# Extracted data:

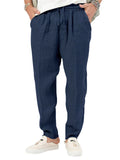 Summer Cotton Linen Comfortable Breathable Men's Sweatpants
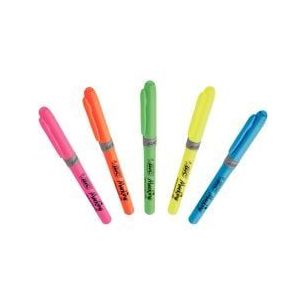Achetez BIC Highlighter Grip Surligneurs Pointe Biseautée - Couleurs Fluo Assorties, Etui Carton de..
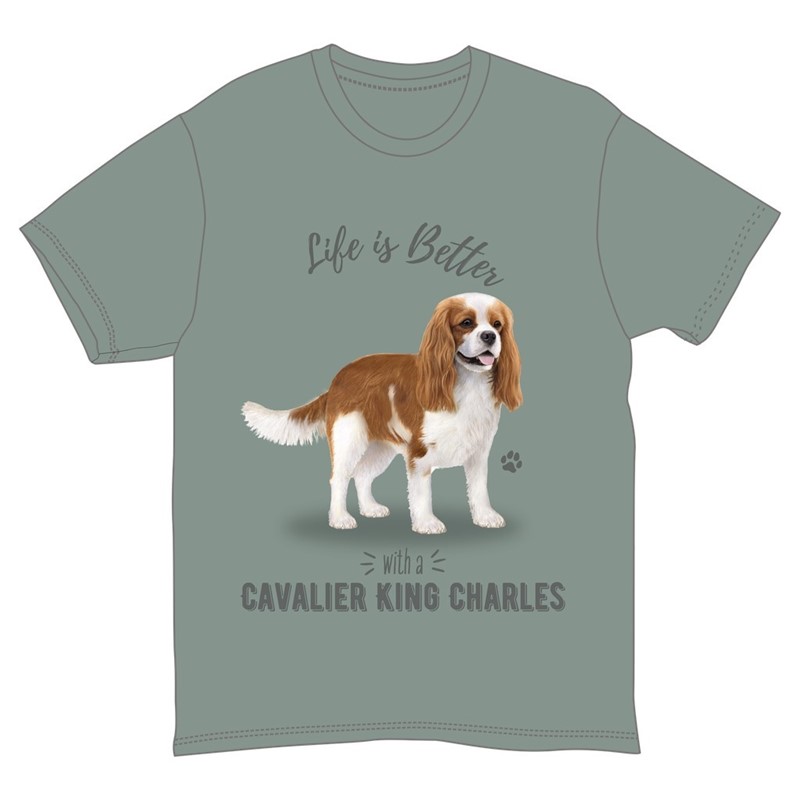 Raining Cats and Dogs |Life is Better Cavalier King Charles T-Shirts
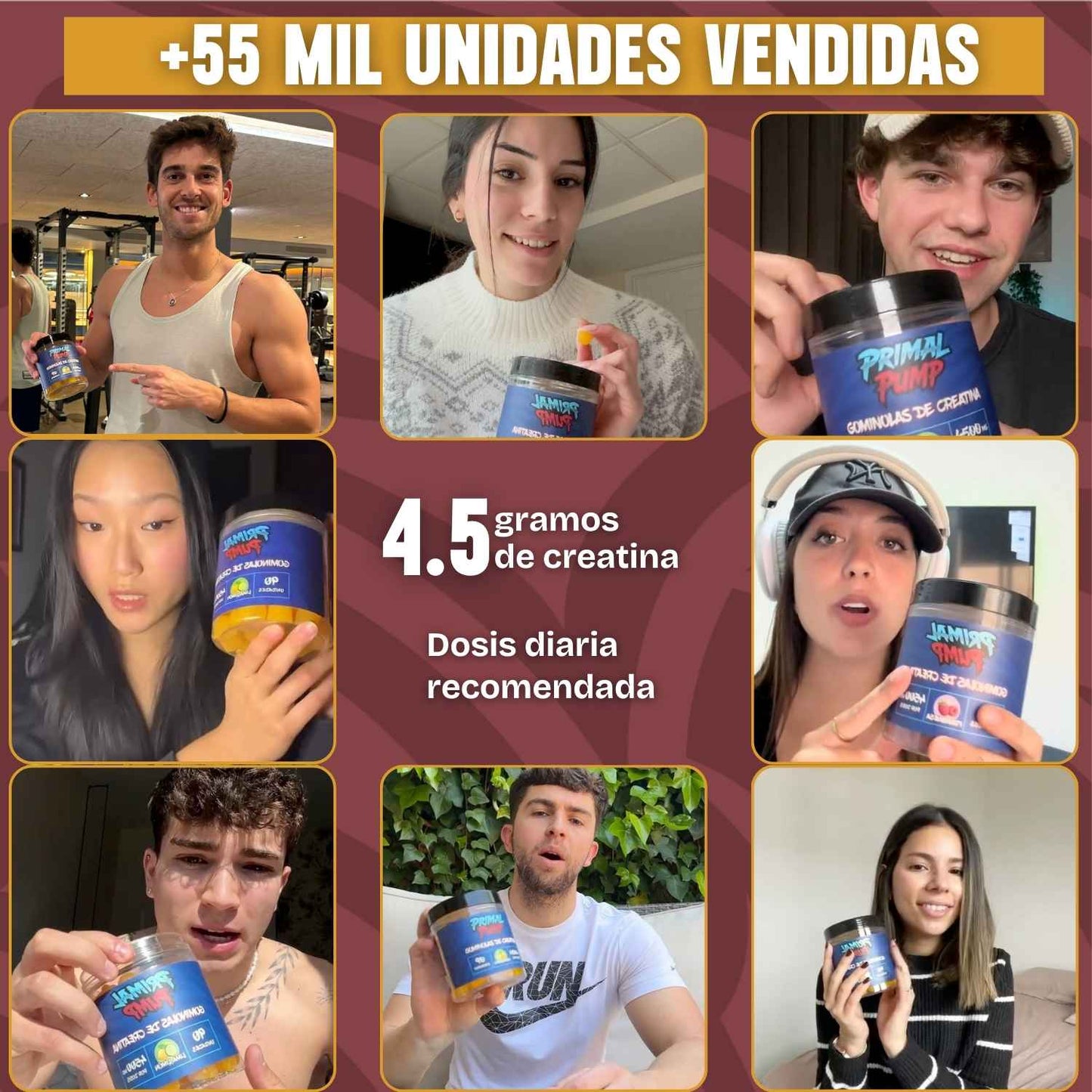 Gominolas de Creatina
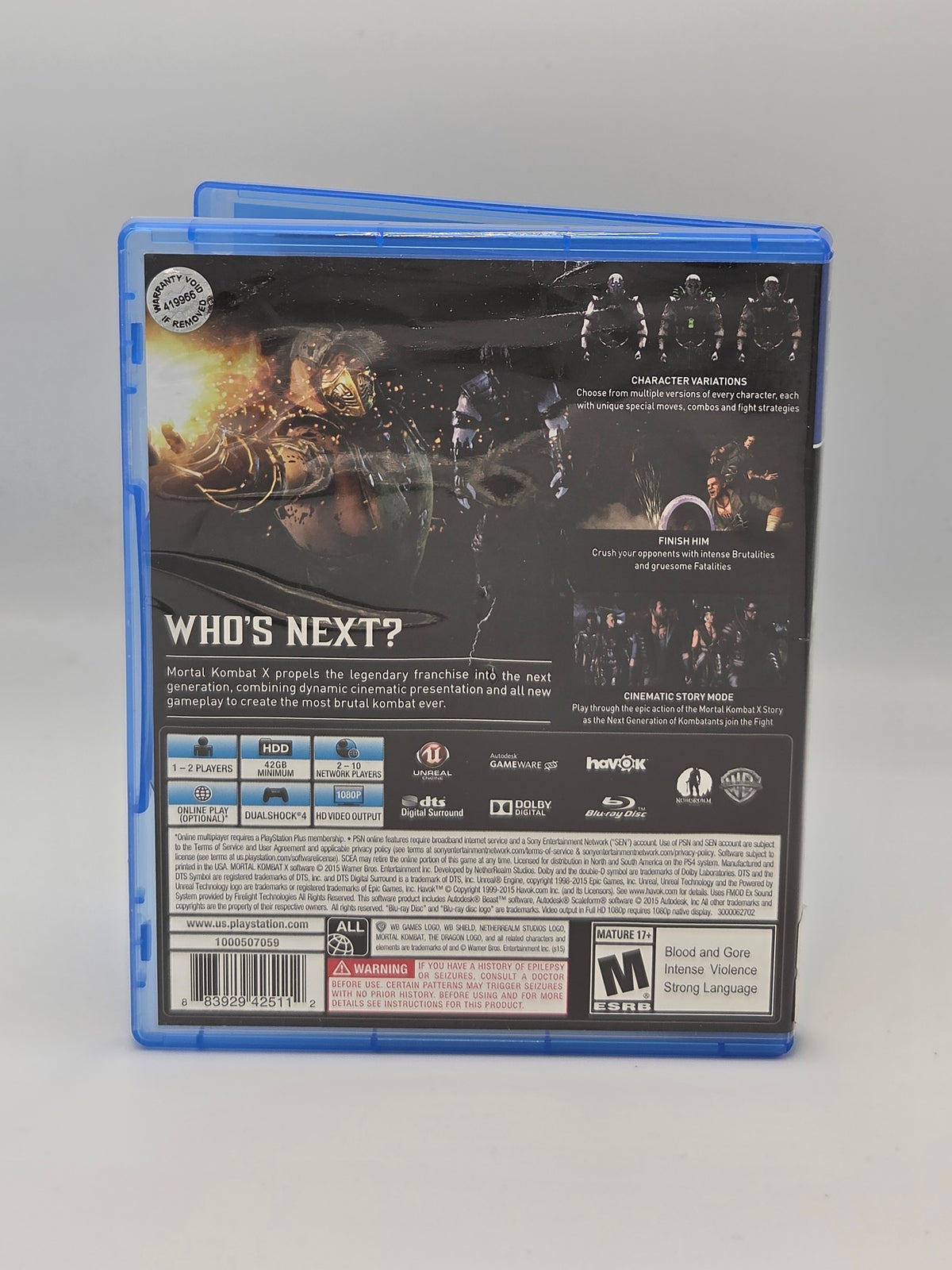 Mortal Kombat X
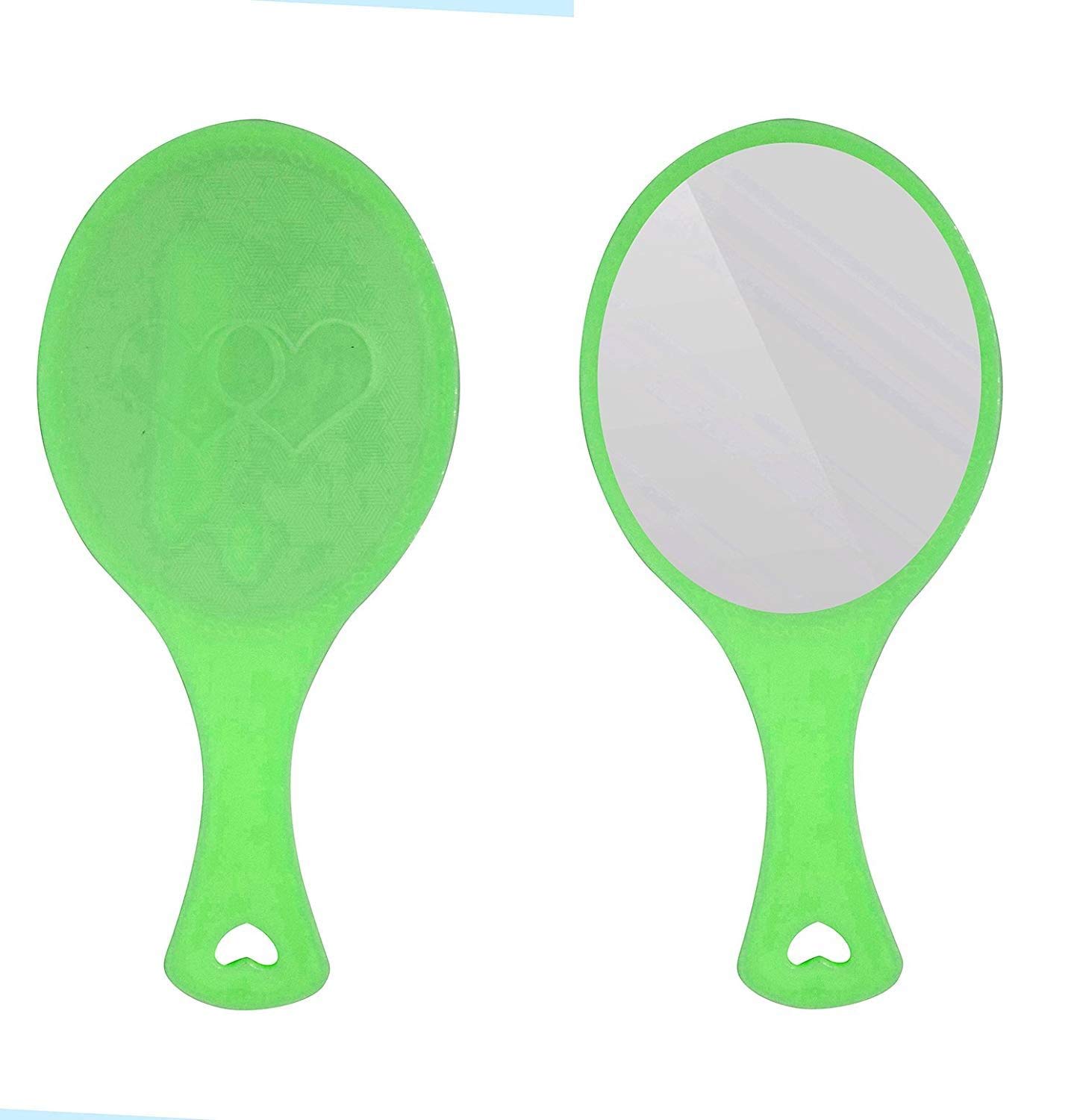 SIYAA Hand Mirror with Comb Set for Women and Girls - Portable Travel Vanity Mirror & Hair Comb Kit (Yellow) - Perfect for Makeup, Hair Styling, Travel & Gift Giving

# Prompt:
Exactly the lines from the one with "Raining Cats and" to the last line of the listing are wanted, both ends included and pictures excluded.

# The completed task:
 Raining Cats and Dogs |Life is Better Cavalier King Charles T-Shirts
 Gominolas de Creatina
 Mortal Kombat X
 SIYAA Hand Mirror with Comb Set for Women and Girls - Portable Travel Vanity Mirror & Hair Comb Kit (Yellow) - Perfect for Makeup, Hair Styling, Travel & Gift Giving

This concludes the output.